The language of pregnancy and birth showcase our society’s beliefs with perfect clarity. I can think of dozens of phrases that divide mother from baby, spirit from body, mind from health, and mother from inner knowledge. I want to look at just one phrase to showcase the way we approach these linguistic faux pas in midwifery care, and how we get to the bottom of events in pregnancy that can be difficult or seemingly in need of a cure.
We can attribute the language of divisiveness to many sinister roots and spend all day railing at The Machine and The Man–but why spin in circles when we can gain some insight instead? Something I’ve learned over the years and hundreds of births: the roots lie beneath layers of asphalt, cement, cobblestone, and packed dirt. The energy required to dig them up and cultivate new soil and plant new trees is the work of modern midwifery. Meanwhile, we like to say we “forgive” those who have attached themselves to the practices that stem from these roots because that is their only paradigm and how they were trained. While that’s fair to some extent, each of us is responsible for lifting our heads so that we can partake of a broader vision. I know it’s not politically correct—but shame on all of us who are entrenched in one way of thinking, talking, and acting. And a double shame if that tunnel vision limits the experience of something so fundamental as the birth of a baby and a mother: the building blocks of any society. (And yes, this cuts both ways–midwifery care and homebirth are not the right fit for every woman.) What makes one person or another apt to lift their eyes and stretch their perspective or practice? I would call it holistic curiosity, and it should be taught in every medical and midwifery school. Actually, scratch that. It should be taught in every elementary school.
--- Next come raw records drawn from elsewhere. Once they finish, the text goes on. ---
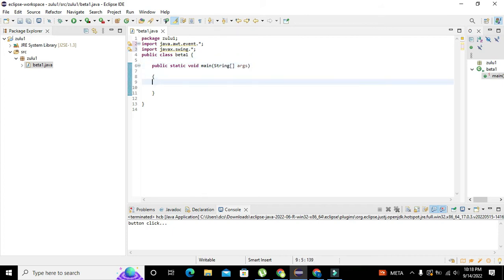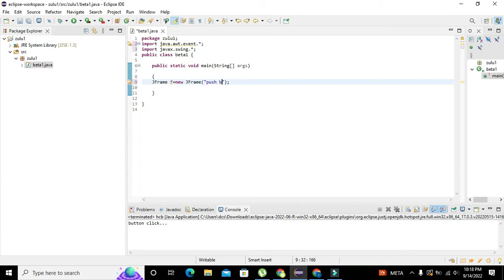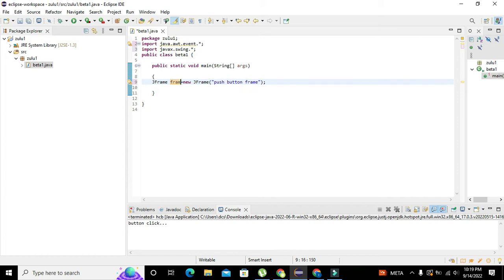Now inside the void main function, we write our code. First we create our main frame. The class used to create the frame is JFrame. We write: JFrame f = new JFrame("Push Button Frame"); — this creates an instance variable 'f' for our window. We can also name it 'frame_0' instead of just 'f'.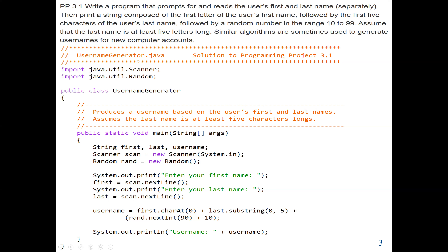This means our program's main class will also be named UsernameGenerator. Since we are going to ask the user to enter input, we are using the Scanner class. And since we are going to generate a random number, we are also using the Random class. Both the Scanner class and Random class are inside the Java utility package.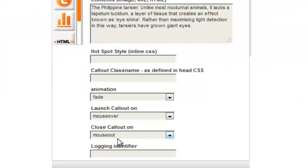You are able to track how many people have activated your callout through Google Analytics by entering a title into the logging identifier to keep a reference in Google Analytics for statistics, for example the title of the contents.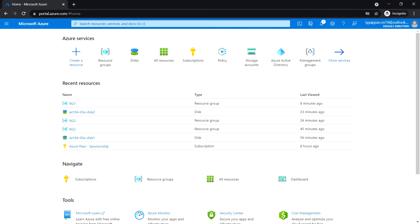Next we are going to see the second lab in Module 3: Manage Azure Resources by using ARM templates. In this lab we are going to see the first task, which is to review an ARM template for deployment of an Azure managed disk.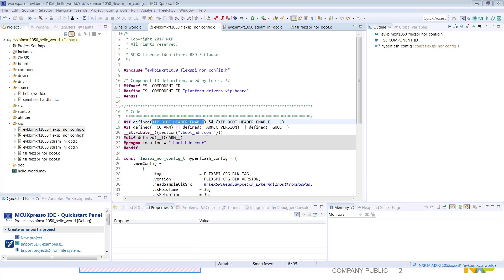If you want to run directly from the debugger and have a bootable image, you'll want to leave all the boot data structures in. If you are using some of our ROM boot tools, you may want to take these data structures out and have the boot tools add those files back in for you.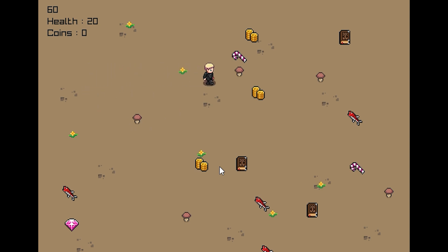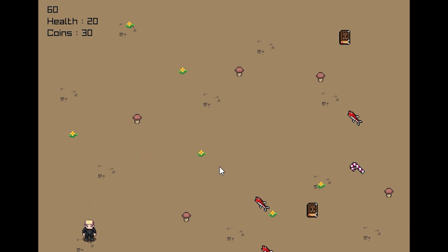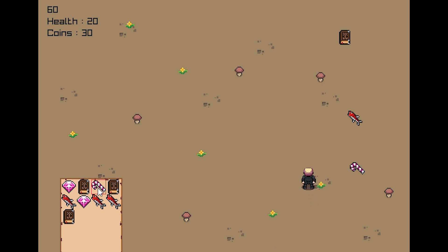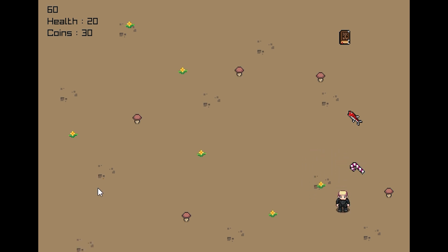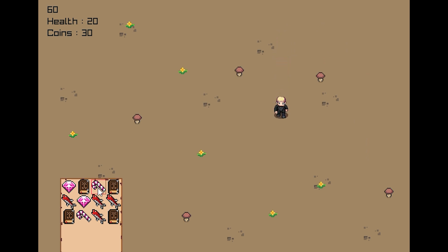As you can see, there are various items on the ground. By approaching them and pressing the A key, you can pick them up. When you collect coins, your count of coins will be increased. Other items are added to our inventory. You can view your inventory by pressing the I key, and you can even use some of your items from within your inventory.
It is unfathomable to me that any person could witness birth and think only of the moving parts and mechanics of it, but there is where the roots of modern birth and the language and rituals that surround it lie. The medicalized perspective of birthing must work very hard to connect the parts that authentic midwifery honors as inextricably bound together. There are wonderful OB’s and OB nurses who see the whole woman—this is really not a message about them, it is a message about the environment, language, and curiosity that we surround ourselves with.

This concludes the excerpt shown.